I know there is/was a winery near New Harmony Indiana,  on the Illinois border.  I don't know where they got their grapes though.


----------



## Guest (Nov 22, 2008)

Leslie said:


> Do they do it like in Indiana? Get the grapes from somewhere else (ie, California) and make the wine in Illinois? Or have they started growing grapes in Illinois? (Somehow I doubt that but I am not going to make any assumptions!)
> 
> L


Probably concord grapes. They can be grown almost anywhere that gets enough rain.


----------



## Leslie (Apr 7, 2008)

Dori said:


> I know there is/was a winery near New Harmony Indiana, on the Illinois border. I don't know where they got their grapes though.
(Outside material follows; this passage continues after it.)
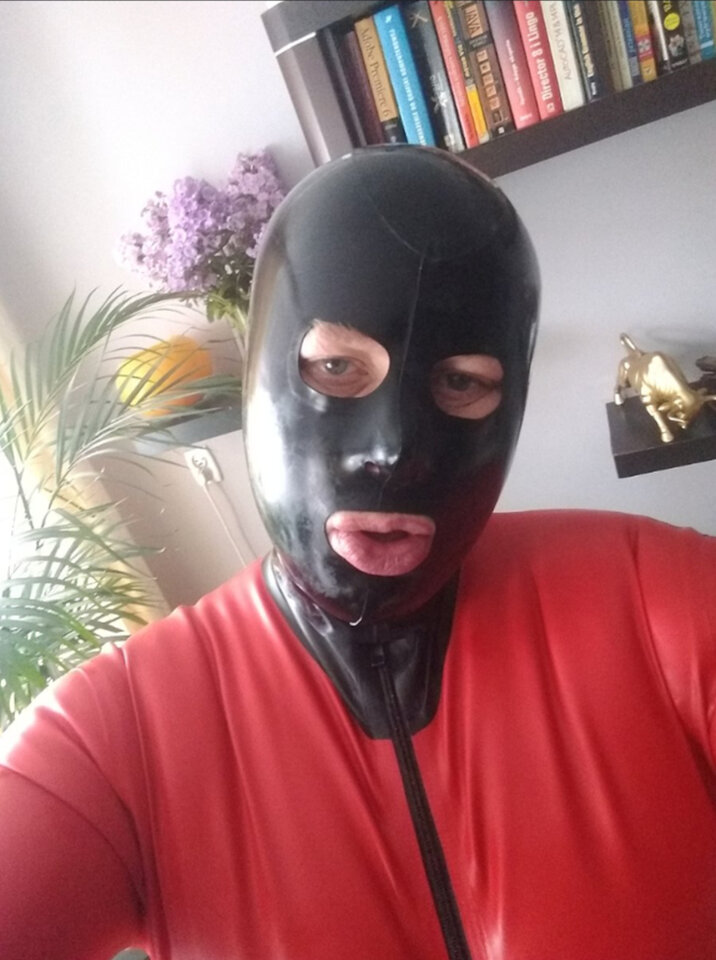 ll.jpg - rubberfreeek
I toured a winery in Bloomington, IN. It was started by a prof from IU who had actually written legislation (he was on the law school faculty) that let him open his winery and be open on Sunday. He got his grapes from out of state and made the wine in IN. It wasn't bad. I bought a few bottles to bring home and enjoy.

L


----------



## Guest (Nov 22, 2008)

Leslie said:


> I bought a few bottles to bring home and enjoy.
> 
> L


Sexual. Deeply so.


----------



## Leslie (Apr 7, 2008)

Bacardi Jim said:


> Sexual. Deeply so.


Wrong thread, Jim.


----------



## Sandpiper (Oct 28, 2008)

I think owners of the wine shop said there are a few vintners in Illinois (mostly / all in southern), but more wineries.

Leslie, you've changed your avatar?!


----------



## Guest (Nov 23, 2008)

Leslie said:


> Wrong thread, Jim.


If you say so. _I_ certainly can't say with any certainty what you do with your wine bottles.


----------



## Leslie (Apr 7, 2008)

Sandpiper said:


> Leslie, you've changed your avatar?!


Just for you. It's still Hugh, though...

L


----------



## Leslie (Apr 7, 2008)

Bacardi Jim said:


> If you say so. _I_ certainly can't say with any certainty what you do with your wine bottles.
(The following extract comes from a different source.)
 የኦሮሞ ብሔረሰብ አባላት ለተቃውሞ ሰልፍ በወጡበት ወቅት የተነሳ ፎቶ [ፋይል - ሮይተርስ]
Drink the contents, then recycle....usually...

L


----------



## Khabita (Oct 28, 2008)

I only whine when I don't have my Kindle.


----------



## Angela (Nov 2, 2008)

Khabita said:


> I only whine when I don't have my Kindle.


me, too!!


----------



## Bruinboy (Nov 1, 2008)

I'm anticipating drinking any wine that is wet with my Kindle ... when it comes ... after I order it ... sometime next month ... then wait until it is delivered ... probably sometime in January.  Oh, the heck with it ... I need a glass of wine just thinking about it.  Maybe two.  

Cheers!


----------



## pidgeon92 (Oct 27, 2008)

There are, indeed, some wine grapes grown in Illinois. Sadly, I haven't tasted any good ones yet. Most of the wineries here do import their grapes.
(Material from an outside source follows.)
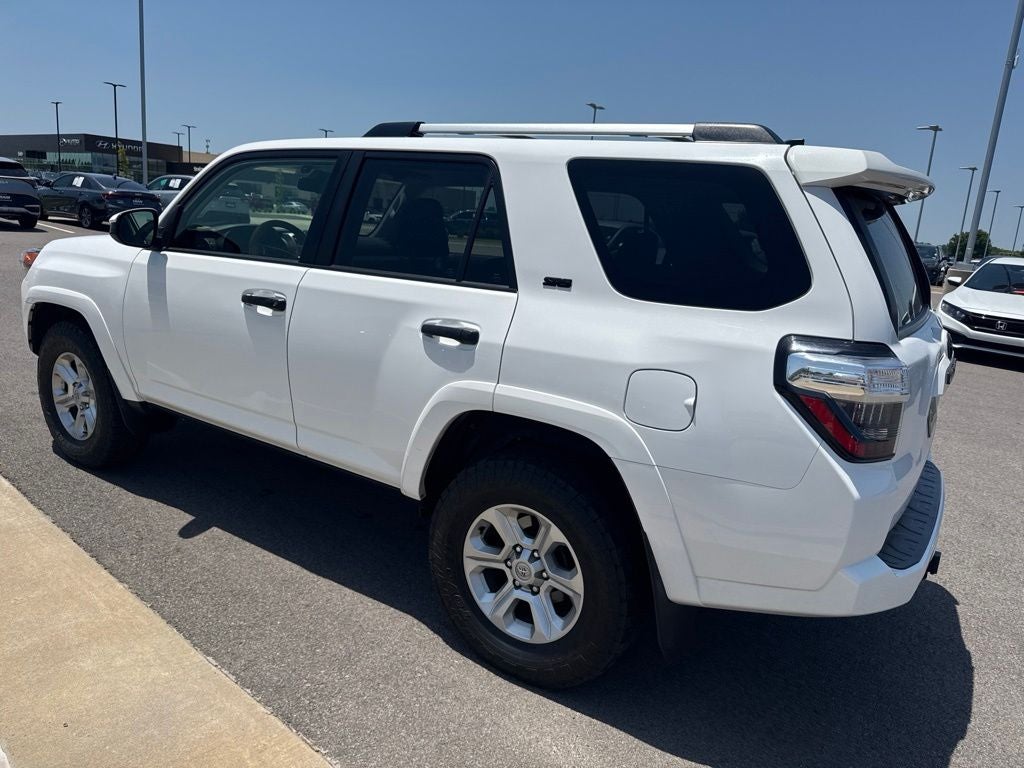 2022 Toyota 4Runner SR5 4X4 / KEYLESS ENTRY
I love wine. We went back to Sonoma and Napa for the second time in October, I joined four more wine clubs, we are now up to six! Lots of good wine in the house now.


----------



## Spiritdancer (Oct 27, 2008)

A nice Merlot or Cabernet and a good book on my Kindle is a most wonderful way to spend an evening!  I'll have to try to Double Decker Red!


----------



## Guest (Nov 23, 2008)

pidgeon92 said:


> There are, indeed, some wine grapes grown in Illinois. Sadly, I haven't tasted any good ones yet. Most of the wineries here do import their grapes.
> 
> I love wine. We went back to Sonoma and Napa for the second time in October, I joined four more wine clubs, we are now up to six! Lots of good wine in the house now.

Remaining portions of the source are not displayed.